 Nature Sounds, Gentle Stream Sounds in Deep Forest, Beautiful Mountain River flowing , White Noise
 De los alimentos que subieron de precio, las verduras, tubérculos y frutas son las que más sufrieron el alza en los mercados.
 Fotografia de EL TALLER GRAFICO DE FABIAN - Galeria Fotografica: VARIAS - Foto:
════════════════
THE TASK:
The listing above is to be copied exactly, in full.

SOLUTION:
 Nature Sounds, Gentle Stream Sounds in Deep Forest, Beautiful Mountain River flowing , White Noise
 De los alimentos que subieron de precio, las verduras, tubérculos y frutas son las que más sufrieron el alza en los mercados.
 Fotografia de EL TALLER GRAFICO DE FABIAN - Galeria Fotografica: VARIAS - Foto:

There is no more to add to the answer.